So, the next task are:

  1. filter this dataset in format question -> answer
  2. add it as dataset to OpenAssistant.

Can someone do this instead of me?

doroshroman avatar Jan 19 '23 00:01 doroshroman

Ok. can you ping the discord to see if someone can take overr for you @doroshroman ? cc me and I can help find someone too.

huu4ontocord avatar Jan 20 '23 00:01 huu4ontocord

Hello, could someone brief me about this issue and what needs to be done? I can take a look and see what I can come up with. Thanks!

DhruvSondhi avatar Feb 06 '23 16:02 DhruvSondhi

In the Excel this issue is marked as needing a new assignee.

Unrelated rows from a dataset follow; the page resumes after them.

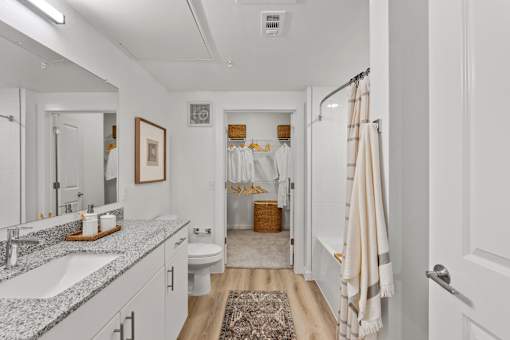 A bathroom with a white sink and a white toilet.
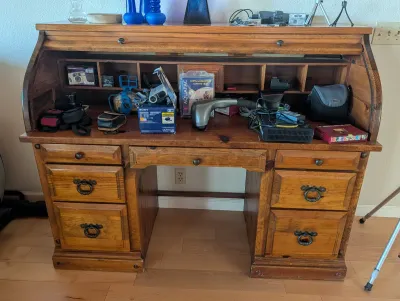 Vintage oak roll-top desk with multiple drawers, cubby compartments, and brass hardware, shown holding various electronics and accessories.
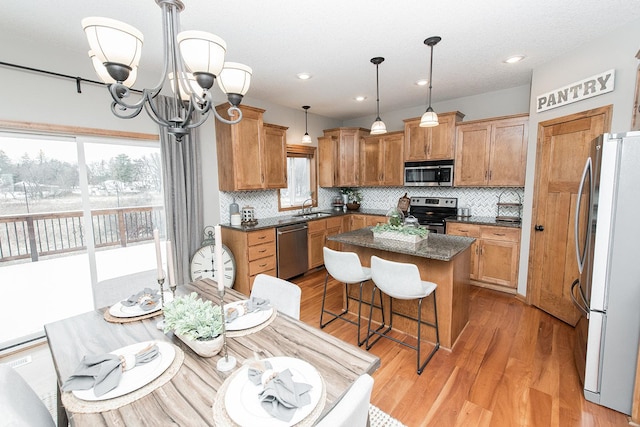 kitchen with appliances with stainless steel finishes, a center island, sink, hanging light fixtures, and a chandelier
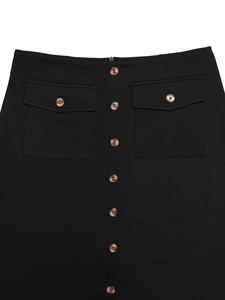 Detail view of high waist black midi skirt with amber buttons and flap pockets decoration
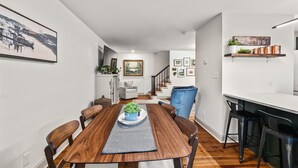 Un comedor moderno con una mesa de madera, sillas y una planta central. Una escalera conduce a una sala de estar con un sofá y una mesa de centro.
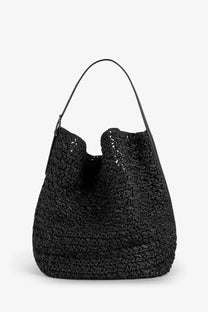 Toteme women’s raffia shoulder bag black featuring a woven straw body with a sleek leather handle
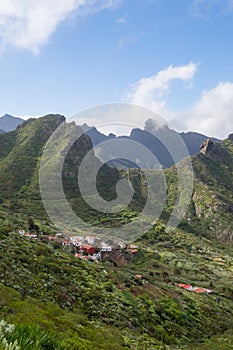 View of the village of Las Portelas and the mountains on the road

If that is still the case I can help with this and be assigned to it.

ricostynha1 avatar Apr 17 '23 19:04 ricostynha1

@RiccardoRiglietti I think this issue stalled, would you be still interested to work on it?

andreaskoepf avatar May 05 '23 10:05 andreaskoepf

@zirui has done all the hard work of scraping commit messages and has put the finished dataset on HuggingFace at https://huggingface.co/datasets/zirui3/TSSB-3M-ext So I think this issue is done thanks to him and can be closed as completed.

RiccardoRiglietti avatar May 05 '23 12:05 RiccardoRiglietti